■ ACTIVITY:
Write back every line of the listing exactly, excluding images.

****************

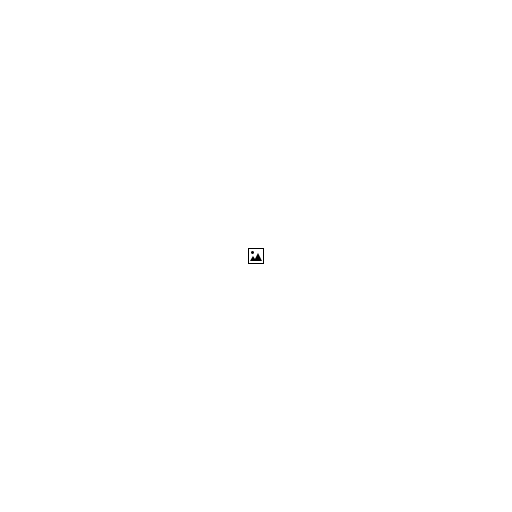 Image, photo icon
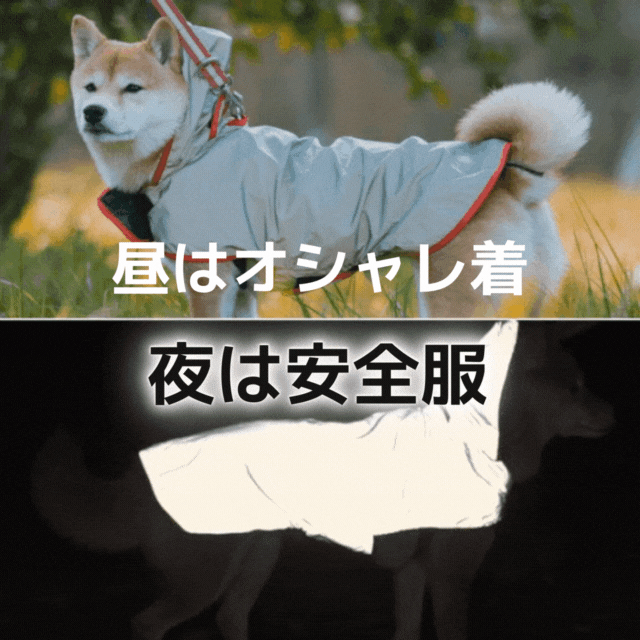 夜道の危険からピカッと光って愛犬を守る、飼い主も一緒に守る！犬用反射ジャケット【ピカジャケ】 が5月18日より Makuakeで先行販売開始！のサブ画像8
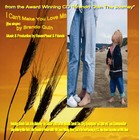 Picture for song 'I Can't Make You Love Me' by artist 'Brando Quin and RavenFeat'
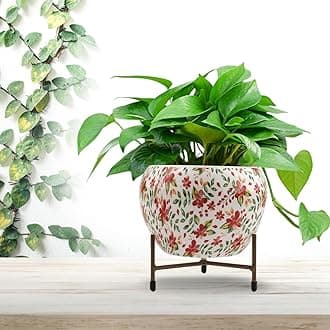 CINAGRO Metal Flower Vase Planter Pot with Iron Stand, Pots for Plants, Plant Pots for Home Decoration, Succulent Pot, Indoor Planter Balcony Garden Decor (Size: 6X6 inch) Style: Floral Fresco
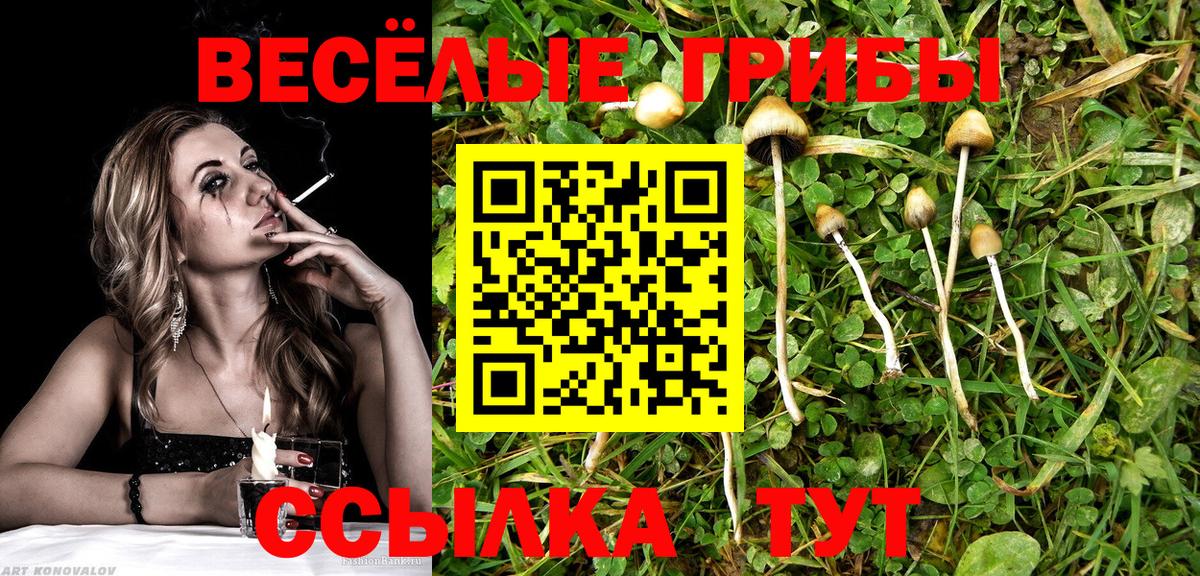 Псилоцибиновые грибы Magic Shrooms  Вход с VPN  Ханты-Мансийск 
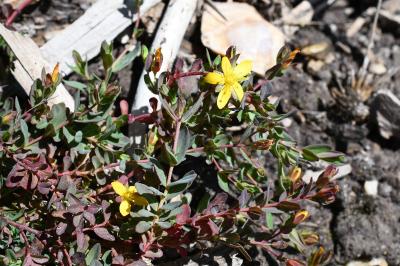 <i>Hypericum humifusum</i>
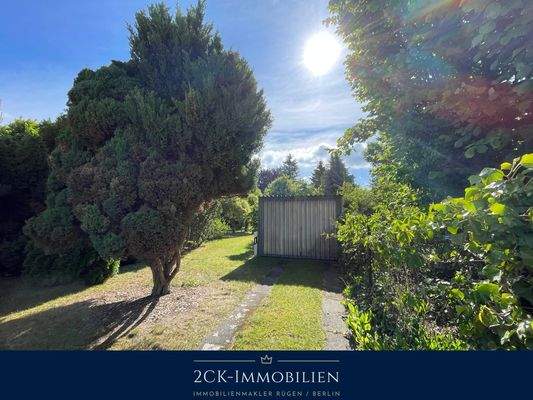 Albrecht-Dürer 22 006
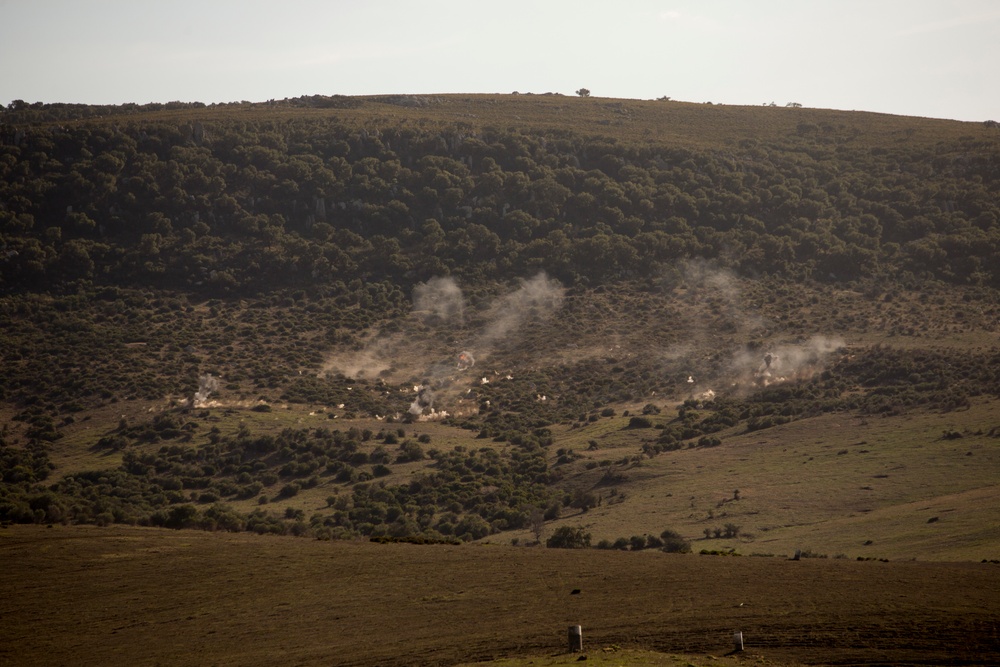 U.S. Marines call in artillery support with foreign military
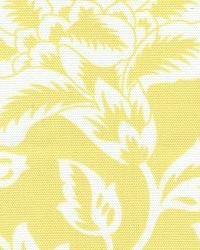Flower Show Yellow by  In Stock  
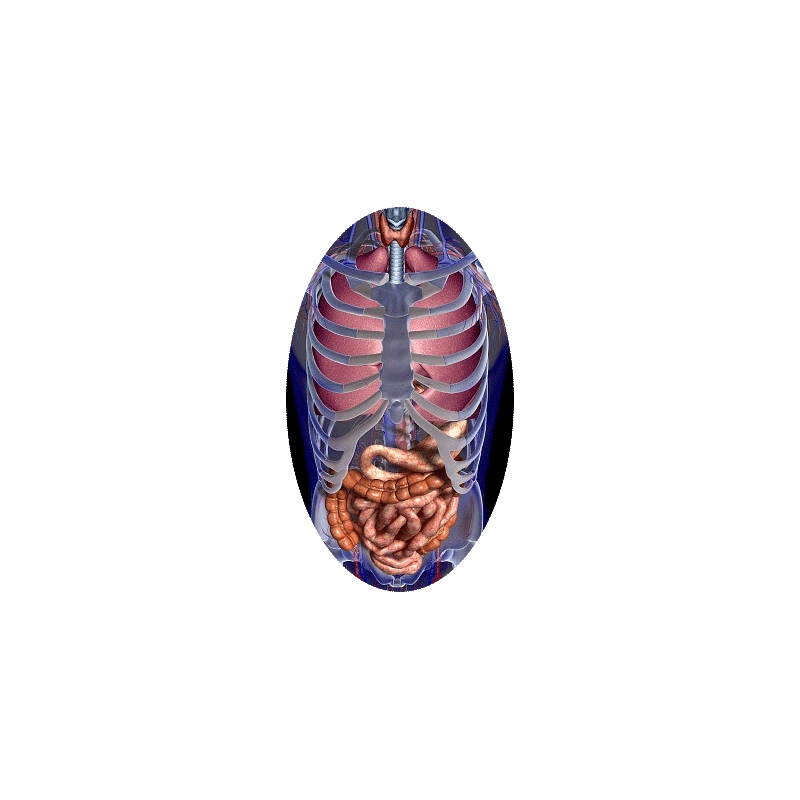 Mélange de plantes médicinales Transito+ (Estomac - Digestion)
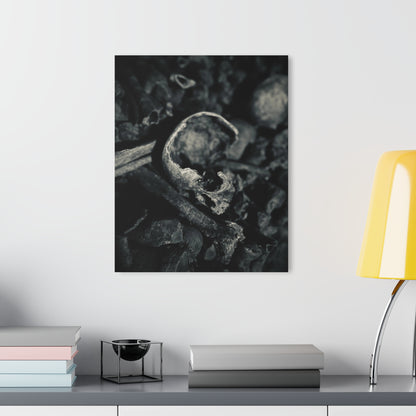 Paris Catacombs Broken Skull Acrylic Photography Print by BeautyInDeathArt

****************

■ YOUR SOLUTION:
 Image, photo icon
 夜道の危険からピカッと光って愛犬を守る、飼い主も一緒に守る！犬用反射ジャケット【ピカジャケ】 が5月18日より Makuakeで先行販売開始！のサブ画像8
 Picture for song 'I Can't Make You Love Me' by artist 'Brando Quin and RavenFeat'
 CINAGRO Metal Flower Vase Planter Pot with Iron Stand, Pots for Plants, Plant Pots for Home Decoration, Succulent Pot, Indoor Planter Balcony Garden Decor (Size: 6X6 inch) Style: Floral Fresco
 Псилоцибиновые грибы Magic Shrooms  Вход с VPN  Ханты-Мансийск 
 <i>Hypericum humifusum</i>
 Albrecht-Dürer 22 006
 U.S. Marines call in artillery support with foreign military
Flower Show Yellow by  In Stock  
 Mélange de plantes médicinales Transito+ (Estomac - Digestion)
 Paris Catacombs Broken Skull Acrylic Photography Print by BeautyInDeathArt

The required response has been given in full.